→ **WORK REQUIRED**:
Repeat every entry word for word; omit all pictures.

→ **SOURCE MATERIAL**:
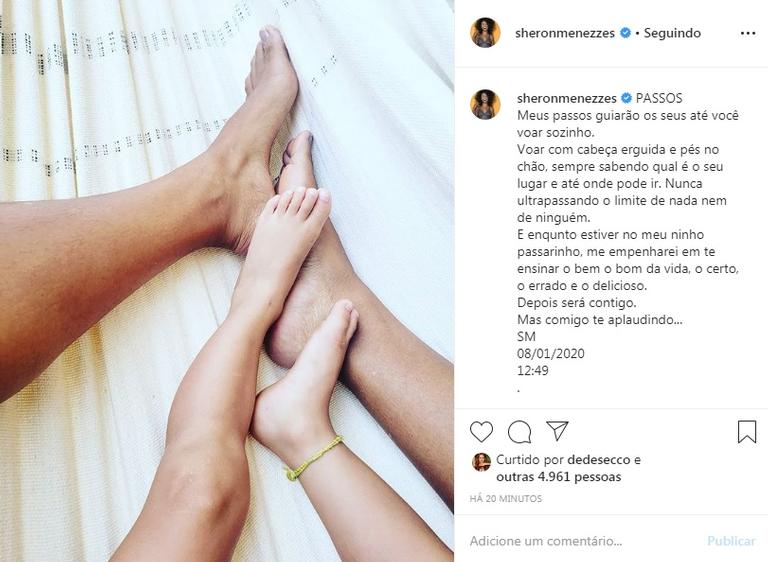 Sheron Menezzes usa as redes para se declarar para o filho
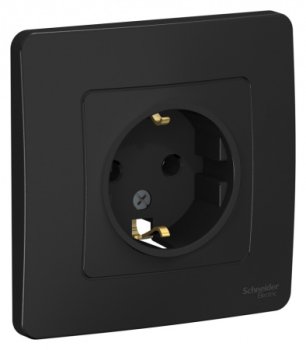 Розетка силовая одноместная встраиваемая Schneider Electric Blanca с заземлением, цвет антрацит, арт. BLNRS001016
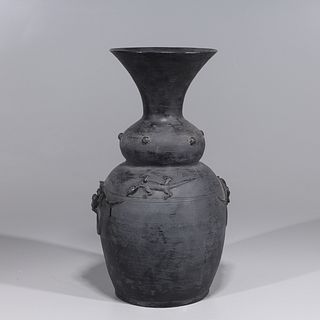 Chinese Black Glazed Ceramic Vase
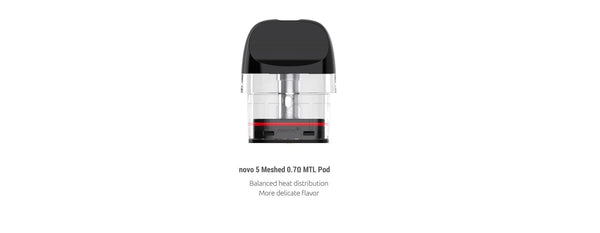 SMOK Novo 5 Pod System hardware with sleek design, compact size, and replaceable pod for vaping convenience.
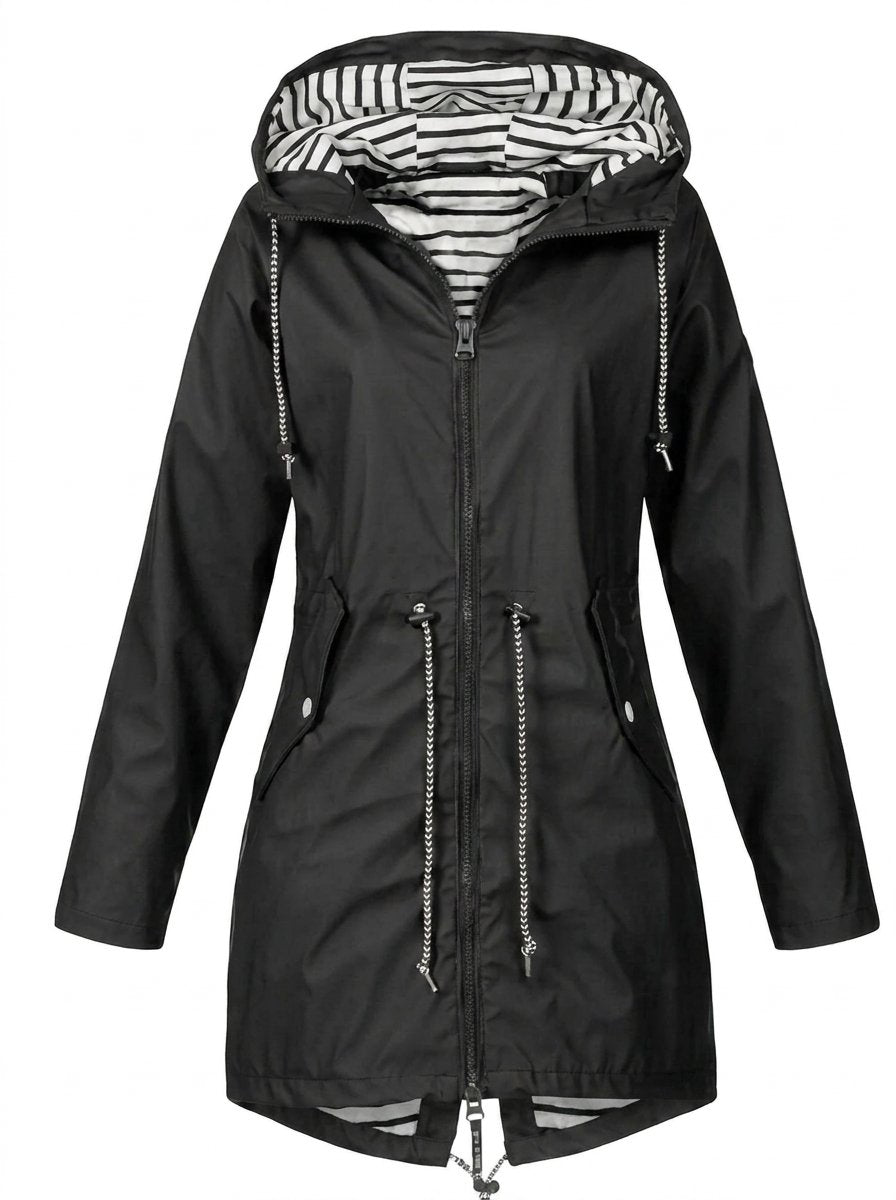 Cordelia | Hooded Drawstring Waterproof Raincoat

→ **ANSWER FOR THIS EXERCISE**:
 Sheron Menezzes usa as redes para se declarar para o filho
 Розетка силовая одноместная встраиваемая Schneider Electric Blanca с заземлением, цвет антрацит, арт. BLNRS001016
 Chinese Black Glazed Ceramic Vase
 SMOK Novo 5 Pod System hardware with sleek design, compact size, and replaceable pod for vaping convenience.
 Cordelia | Hooded Drawstring Waterproof Raincoat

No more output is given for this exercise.